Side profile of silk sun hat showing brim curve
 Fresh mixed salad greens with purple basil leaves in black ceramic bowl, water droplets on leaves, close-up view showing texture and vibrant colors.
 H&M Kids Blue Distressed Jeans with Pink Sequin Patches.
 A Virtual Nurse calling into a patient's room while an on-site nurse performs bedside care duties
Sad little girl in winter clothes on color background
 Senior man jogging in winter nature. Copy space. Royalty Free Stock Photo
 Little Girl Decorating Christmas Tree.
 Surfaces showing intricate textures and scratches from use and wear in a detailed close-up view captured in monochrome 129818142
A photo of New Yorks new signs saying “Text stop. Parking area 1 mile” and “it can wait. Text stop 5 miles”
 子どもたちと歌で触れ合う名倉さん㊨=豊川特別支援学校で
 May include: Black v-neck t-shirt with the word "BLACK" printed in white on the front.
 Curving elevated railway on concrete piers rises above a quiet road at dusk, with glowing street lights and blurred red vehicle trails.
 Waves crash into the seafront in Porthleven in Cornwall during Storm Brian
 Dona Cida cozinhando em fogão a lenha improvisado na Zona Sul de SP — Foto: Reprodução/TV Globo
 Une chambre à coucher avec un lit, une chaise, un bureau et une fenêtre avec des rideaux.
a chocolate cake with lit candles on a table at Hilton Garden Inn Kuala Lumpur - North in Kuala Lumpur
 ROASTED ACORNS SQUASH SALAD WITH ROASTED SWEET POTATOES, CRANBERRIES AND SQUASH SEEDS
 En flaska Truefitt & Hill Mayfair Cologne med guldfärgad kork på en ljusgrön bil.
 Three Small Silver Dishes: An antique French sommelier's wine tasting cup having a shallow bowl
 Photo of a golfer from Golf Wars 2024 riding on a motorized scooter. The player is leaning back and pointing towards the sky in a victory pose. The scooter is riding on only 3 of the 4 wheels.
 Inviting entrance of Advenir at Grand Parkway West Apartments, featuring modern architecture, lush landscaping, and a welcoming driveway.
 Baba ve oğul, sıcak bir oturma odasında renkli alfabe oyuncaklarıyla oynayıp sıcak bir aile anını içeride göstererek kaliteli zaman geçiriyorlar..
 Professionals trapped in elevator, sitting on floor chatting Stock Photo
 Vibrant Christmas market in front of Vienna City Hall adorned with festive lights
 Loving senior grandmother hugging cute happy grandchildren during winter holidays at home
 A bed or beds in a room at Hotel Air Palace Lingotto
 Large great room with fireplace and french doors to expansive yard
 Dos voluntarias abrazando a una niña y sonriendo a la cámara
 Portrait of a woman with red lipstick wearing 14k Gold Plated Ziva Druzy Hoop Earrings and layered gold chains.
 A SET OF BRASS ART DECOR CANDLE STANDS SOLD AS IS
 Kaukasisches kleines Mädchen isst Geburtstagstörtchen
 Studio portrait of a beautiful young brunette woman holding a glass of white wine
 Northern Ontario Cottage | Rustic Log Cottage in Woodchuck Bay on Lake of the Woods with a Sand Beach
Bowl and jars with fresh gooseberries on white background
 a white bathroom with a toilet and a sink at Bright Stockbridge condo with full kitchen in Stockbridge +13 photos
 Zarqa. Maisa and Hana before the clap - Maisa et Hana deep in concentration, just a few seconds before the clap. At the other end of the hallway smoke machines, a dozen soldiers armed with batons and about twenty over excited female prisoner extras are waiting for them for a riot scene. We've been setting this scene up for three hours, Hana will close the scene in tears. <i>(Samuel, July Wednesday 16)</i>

^^^^^^^^

The answer should consist of the lines from the one with "Professionals trapped in" through the last line of the entries, duplicated exactly and nothing more.

### [SOLUTION]
 Professionals trapped in elevator, sitting on floor chatting Stock Photo
 Vibrant Christmas market in front of Vienna City Hall adorned with festive lights
 Loving senior grandmother hugging cute happy grandchildren during winter holidays at home
 A bed or beds in a room at Hotel Air Palace Lingotto
 Large great room with fireplace and french doors to expansive yard
 Dos voluntarias abrazando a una niña y sonriendo a la cámara
 Portrait of a woman with red lipstick wearing 14k Gold Plated Ziva Druzy Hoop Earrings and layered gold chains.
 A SET OF BRASS ART DECOR CANDLE STANDS SOLD AS IS
 Kaukasisches kleines Mädchen isst Geburtstagstörtchen
 Studio portrait of a beautiful young brunette woman holding a glass of white wine
 Northern Ontario Cottage | Rustic Log Cottage in Woodchuck Bay on Lake of the Woods with a Sand Beach
Bowl and jars with fresh gooseberries on white background
 a white bathroom with a toilet and a sink at Bright Stockbridge condo with full kitchen in Stockbridge +13 photos
 Zarqa. Maisa and Hana before the clap - Maisa et Hana deep in concentration, just a few seconds before the clap. At the other end of the hallway smoke machines, a dozen soldiers armed with batons and about twenty over excited female prisoner extras are waiting for them for a riot scene. We've been setting this scene up for three hours, Hana will close the scene in tears. <i>(Samuel, July Wednesday 16)</i>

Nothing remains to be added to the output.